How to Stake USDi
Staking USDi enables holders to receive the protocol's generated yield
Last updated
Staking USDi enables holders to receive the protocol's generated yield
Last updated
Users can stake & unstake USDi/sUSDi with Injera via our UI.
Using the UI, the staking & unstaking USDi/sUSDi user workflow is:
The user requests to stake/unstake USDi/sUSDi via our dApp interface by clicking "Stake"/"Unstake", which pops up their selected wallet to sign the requested transaction.
After the user signs the transaction with their wallet, the transaction is submit to the blockchain.
Upon successful confirmation of the transaction, the user receives sUSDi/USDi as their USDi/sUSDi is automatically swapped.
Important to Note
Users do NOT need to do anything but hold sUSDi to receive yield.

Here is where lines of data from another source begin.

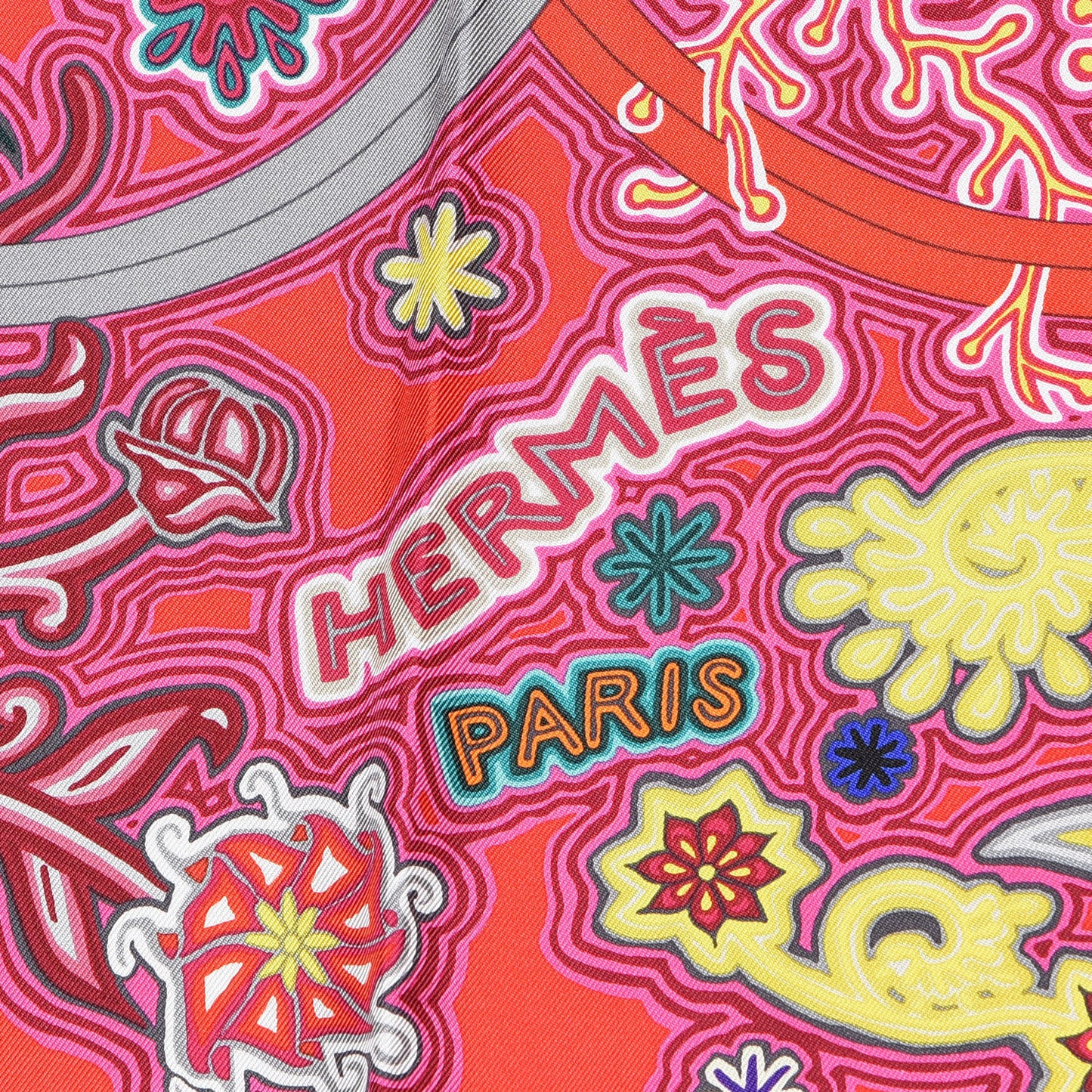 Silk Le Arbre Du Vent Scarf 90 Fuchsia Vert Jaune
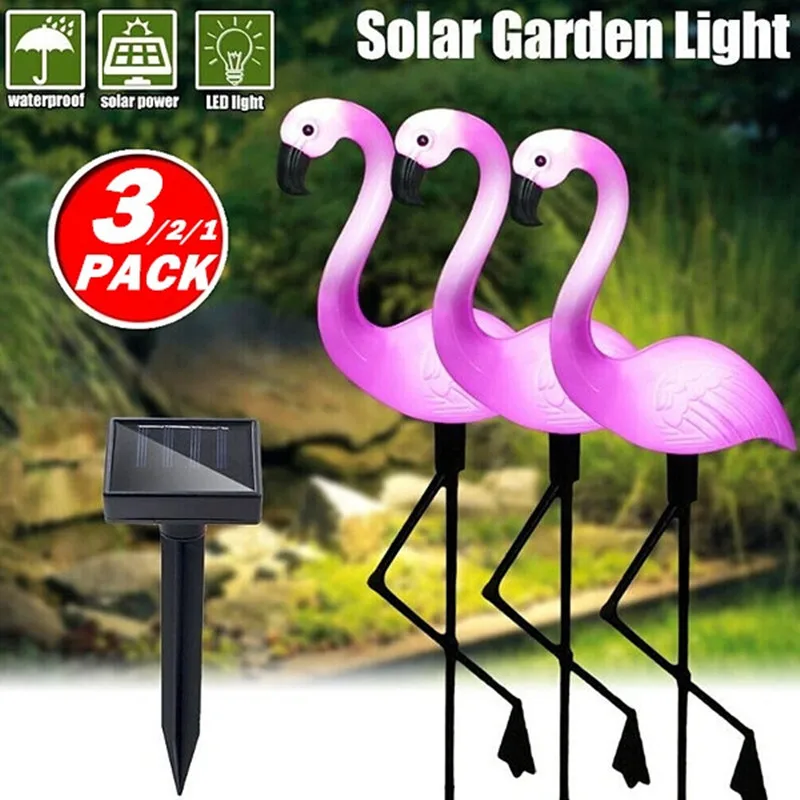 

Solar Flamingo Lawn Lamp LED Outdoor Waterproof Garden Light Decorative Pathway Stake Lights For Yard Walkway Patio Decor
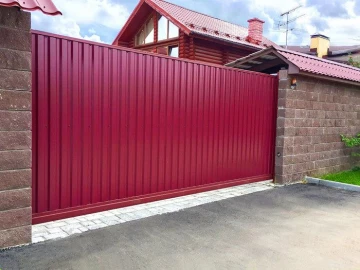 Откатные ворота DoorHan Бордовые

Yield is not paid directly to sUSDi holders; rather, it accumulates within the staking contract, which results in the "value" of sUSDi rising over time. Users are able to unstake their sUSDi at any time, at which point they receive an amount USDi reflecting the staked amount plus any increase in value of sUSDi from the time the user staked until unstaking.
The amount of sUSDi a user will receive when staking USDi will depend on the current value of sUSDi. At launch the value will be 1 sUSDi = 1 USDi, but sUSDi is expected to slowly increase in value as protocol yield is transferred into the Staking smart contract.
This is because we have implemented sUSDi using a token vault mechanism to provide protocol yield to permitted users. This mechanic is similar to Rocketpool's rETH.
Therefore, while a staker might receive less sUSDi than USDi staked, the value of the sUSDi will always be equal to or greater than the USDi you staked.
Users can only receive a positive or zero yield holding sUSDi. The value of sUSDi will NOT decline, even in periods where the protocol is earning negative yield, as the protocol does not and cannot remove assets from the staking contract. Such periods are expected to be covered by the Reserve Fund, to be discussed later.